Your assignment ▸ The records underneath are to be printed in full and exactly, with no pictures carried over.

━━ Entries shown ━━

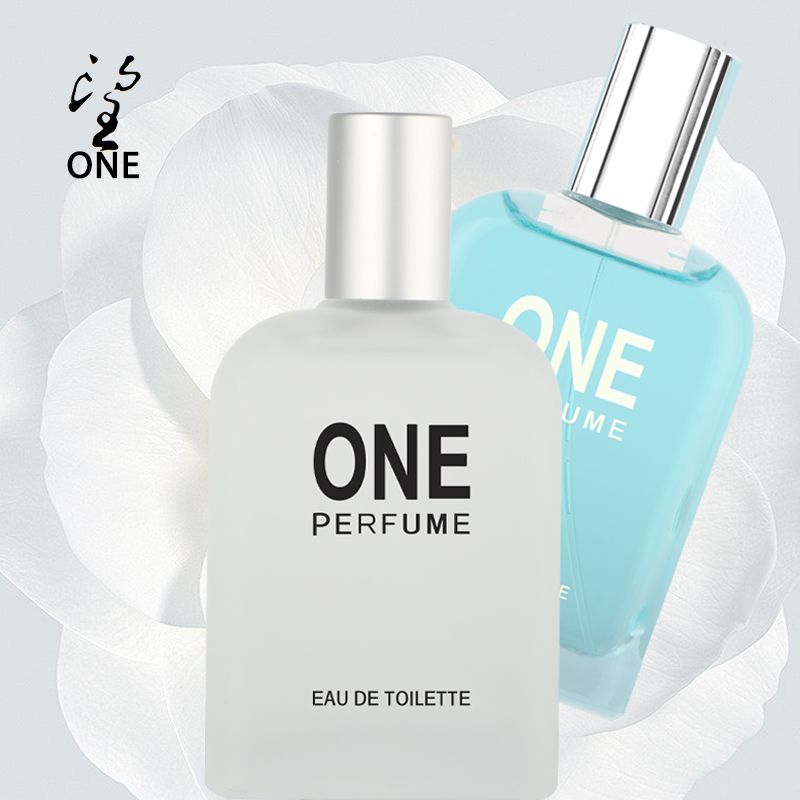 原贝丽丝旺ONE香水蓝望白望淡香少女男望香水寻味菲兰水海洋香型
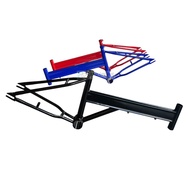 20" Body petak basikal Body T Basikal Candy-GT Body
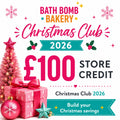 🎄 Christmas Club Savings - £100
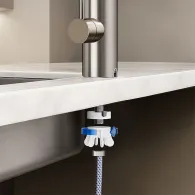 ROBINET INSTANT APA CALDA 3000W TEESA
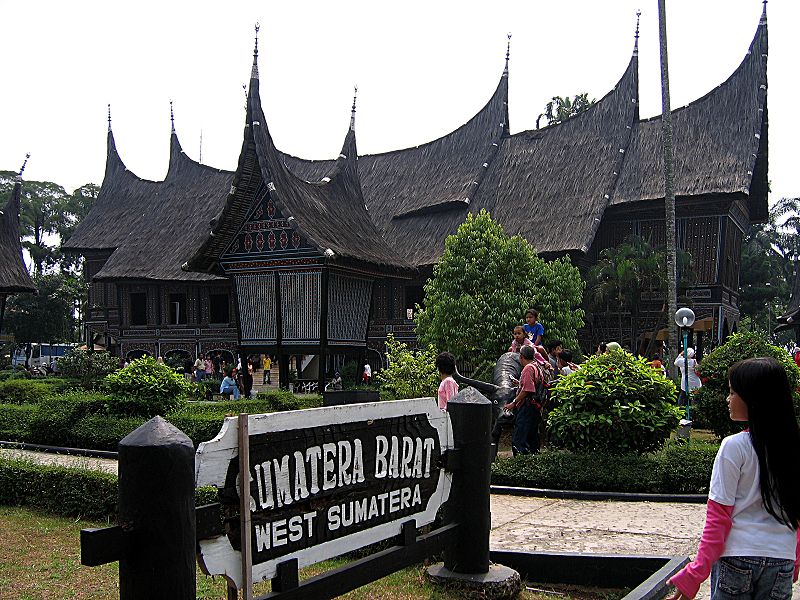 Photo 3 at Taman Mini Indonesia Indah in Kecamatan Cipayung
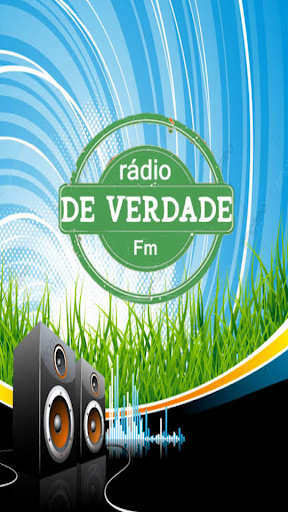 Rádio De Verdade FM Screen 2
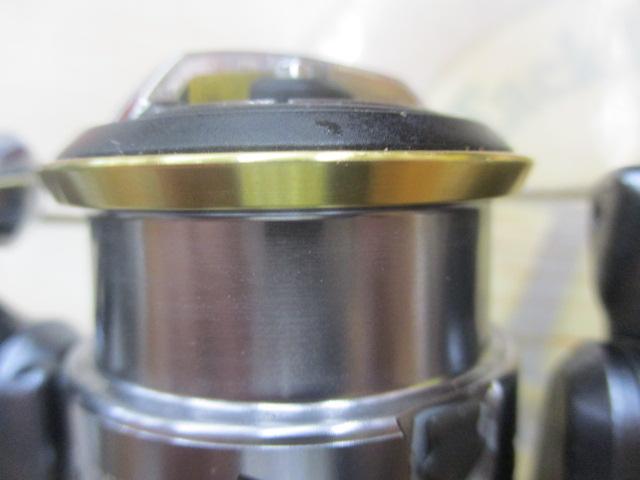 17アルテグラ C2000S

━━━

Worked solution ▸
 原贝丽丝旺ONE香水蓝望白望淡香少女男望香水寻味菲兰水海洋香型
 20" Body petak basikal Body T Basikal Candy-GT Body
 🎄 Christmas Club Savings - £100
 ROBINET INSTANT APA CALDA 3000W TEESA
 Photo 3 at Taman Mini Indonesia Indah in Kecamatan Cipayung
 Rádio De Verdade FM Screen 2
 17アルテグラ C2000S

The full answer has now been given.